O australiano Julian Assange ficou mundialmente conhecido como o editor-chefe do site WikiLeaks, que há pouco mais de dois anos passou a divulgar milhares de documentos secretos do governo dos Estados Unidos, muitos dos quais relativos aos despachos de diplomatas sobre suas atividades em outros países. Perseguido pelo governo estadunidense e ameaçado de prisão na Europa, ele está asilado há quase um ano na embaixada do Equador, em Londres.
Defensor da liberdade de expressão na Internet e militante do movimento cypherpunk, que prega a adoção da criptografia (linguagem cifrada) para proteger a privacidade dos indivíduos, empresas e estados, Assange reuniu, em 20 de março de 2012 (quando se encontrava em prisão domiciliar no Reino Unido), três amigos e colegas especializados e dedicados à Internet, para um debate sobre a situação e o futuro da rede, especialmente no que diz respeito ao enfrentamento do crescente domínio autoritário do que circula no ciberespaço.
O encontro resultou no livro “Cypherpunks – Liberdade e o Futuro da Internet”, de Julian Assange, Jacob Appelbaum, Andy Müller-Maguhn e Jérémie Zimmermann, lançado no Brasil pela Boitempo Editorial, com apresentação da jornalista Natália Viana e prefácio e introdução do próprio Assange.
É exatamente no prefácio para a América Latina, datado de janeiro de 2013, que o criador do WikiLeaks avança na análise da dimensão política da Internet num mundo marcado pela desigualdade entre países, com diferenças e domínios estabelecidos pela tecnologia, capacidade financeira, poderio militar etc. Para ele, a luta por soberania, agora, precisa levar em conta a autonomia e a proteção de cada país contra o enorme sistema de vigilância criado em toda a rede, controlado pelos Estados Unidos e alguns grupos privados.

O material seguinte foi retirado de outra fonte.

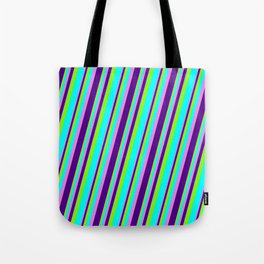 [ Thumbnail: Chartreuse, Aqua, Violet, and Indigo Colored Striped/Lined Pattern Tote Bag ]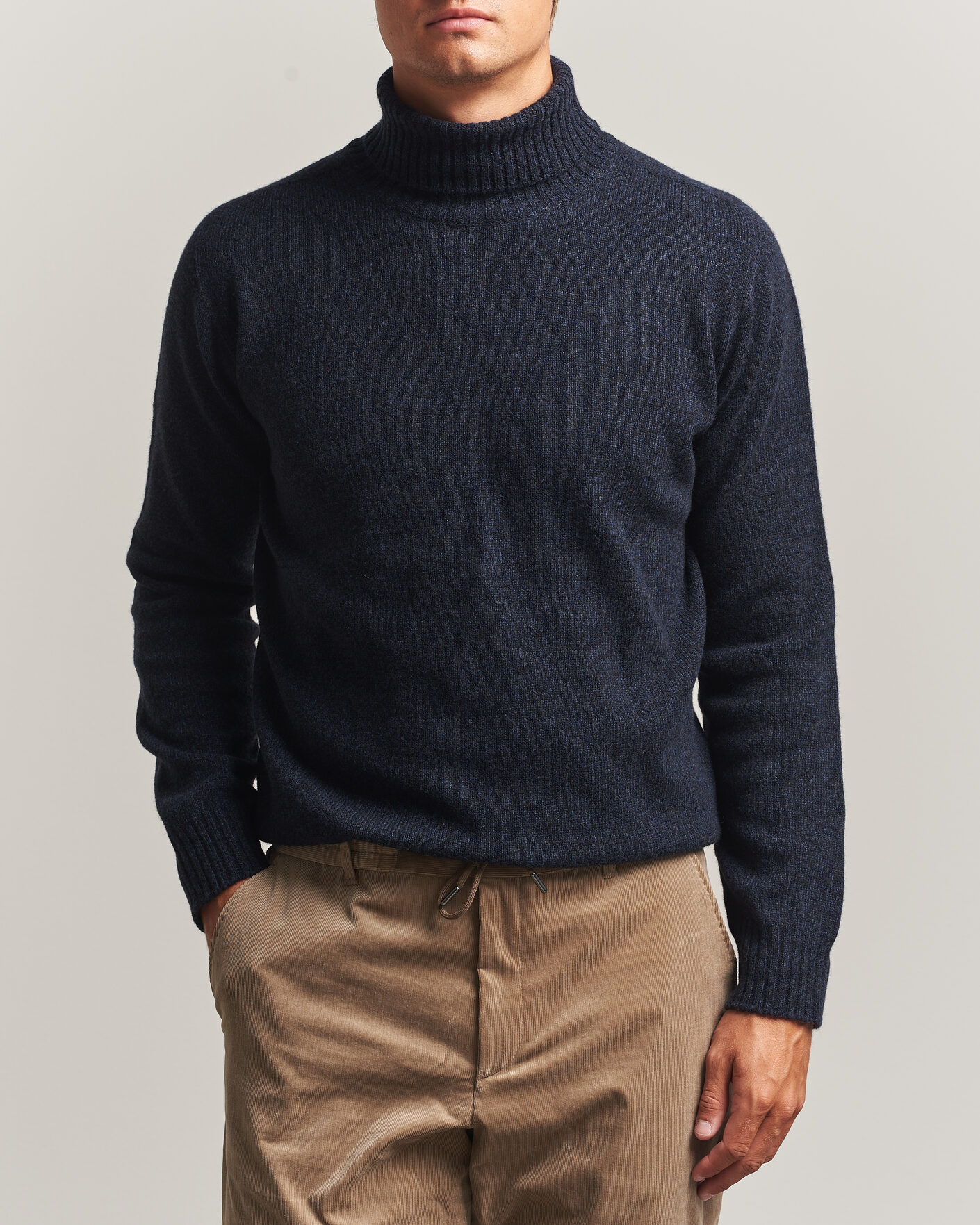Herr | Tröjor | Altea | Wool/Cashmere Rollneck Navy Melange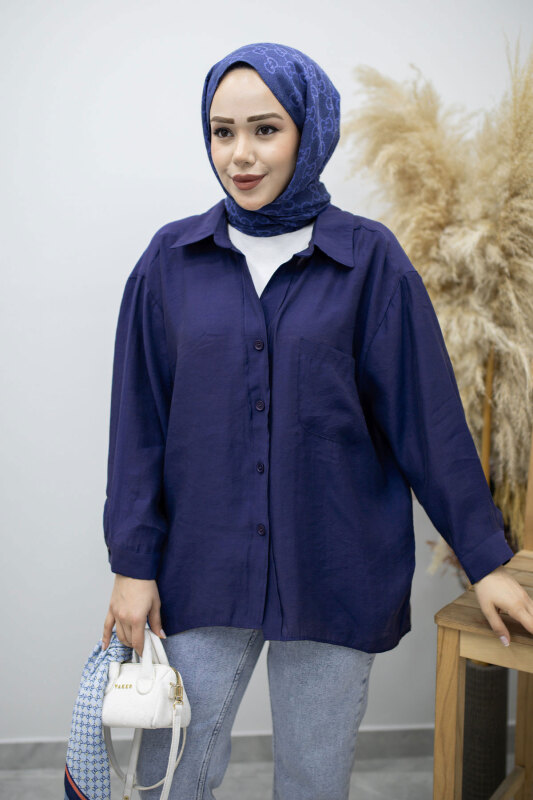 Cepli Oversize Gömlek TSD260167 İndigo - TESETTÜR DÜNYASI (1)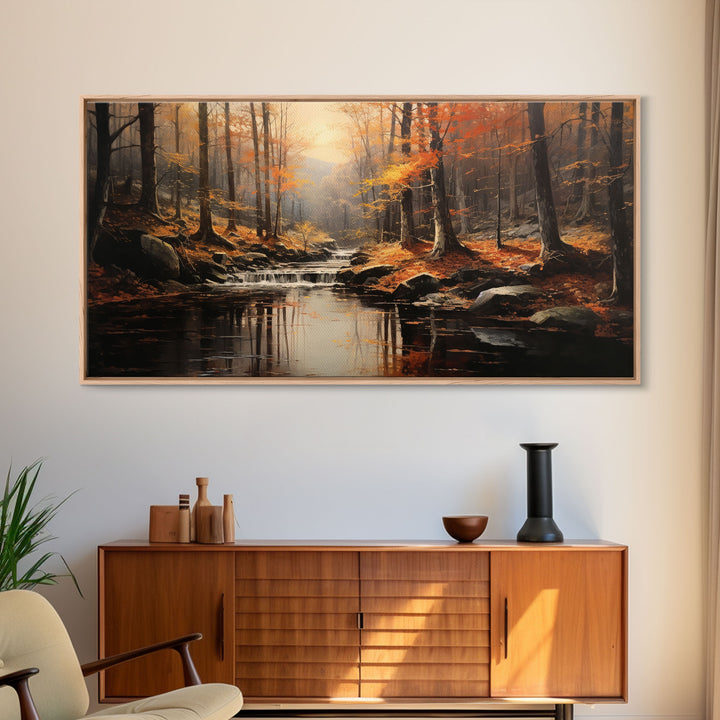 Fall Centerpiece Landscape Painting Canvas Print, Autumn Decor, Fall Centerpiece, Fall Home Decor, Fall Wall Decor, Fall Home Decor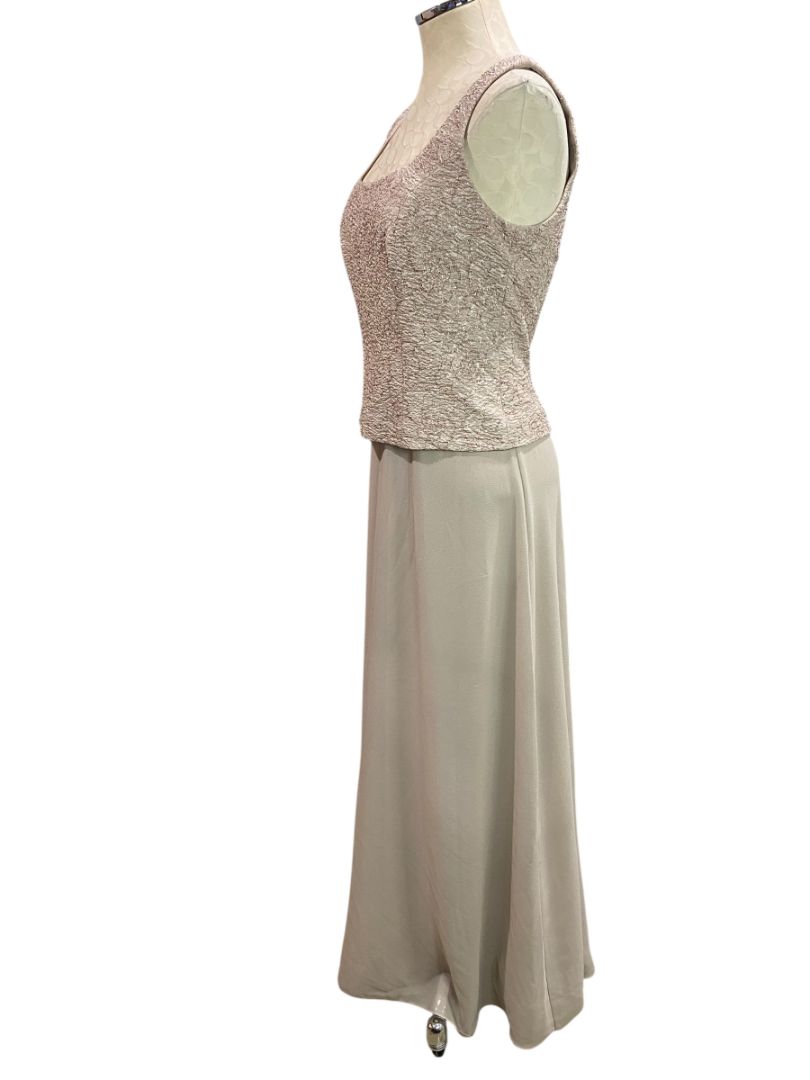 Size 8 Alex Evenings Taupe Sleeveless Dress with Jacket Full Length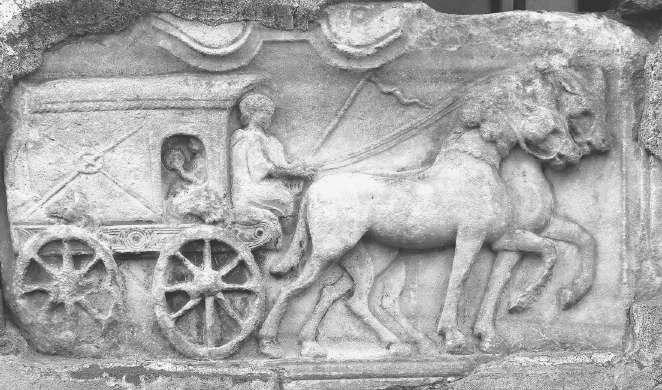 Covered wagon relief from a Roman tombstone in the church wall of Maria Saal, Austria.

Diz Assange: “A vigilância de uma população inteira por uma potência estrangeira naturalmente ameaça a soberania. Intervenção após intervenção nas questões da democracia latino-americana nos ensinaram a ser realistas. Sabemos que as antigas potências colonialistas usarão qualquer vantagem que tiverem para suprimir a independência latino-americana”.
Mais adiante, ele lembra que todos os caminhos da Internet na América Latina, via fibra óptica ou satélites, passam pelos Estados Unidos, e que “Todos os dias centenas de milhões de mensagens vindas de todo o continente latino-americano são devoradas por órgãos de espionagem norte-americanos e armazenadas para sempre em depósitos do tamanho de cidades”.
É claro que os governos negligentes com a soberania de seus países, ou alheios aos projetos nacionais, não se importam com esse tipo de apropriação e controle estratégicos. Ao mesmo tempo, segundo Assange, governos e militares latino-americanos que adquiriram, no mercado, programas criptográficos para a proteção de seus segredos de Estado, foram simplesmente logrados – porque a maior parte das empresas que vende tais dispositivos “possuem vínculos estreitos com a comunidade de inteligência norte-americana”. Assim, o que deveria proteger segredos, serve para roubar segredos.
Ao defender a criptografia – contra a vigilância da Internet – para proteger as liberdades civis e individuais, assim como a soberania e independência dos países, o editor-chefe do WikiLeaks afirma: “Ela a criptografia pode ser utilizada para combater não apenas a tirania do Estado sobre os indivíduos, mas a tirania do império sobre a colônia”.
O livro é mais um alerta para todos nós, cidadãos, que utilizamos diariamente a rede mundial. E é também um bom puxão de orelhas nos governos que, ingenuamente, ainda não se deram conta do novo campo de atuação do imperialismo. Alertar não faz mal a ninguém.
Hamilton Octavio de Souza é jornalista e professor.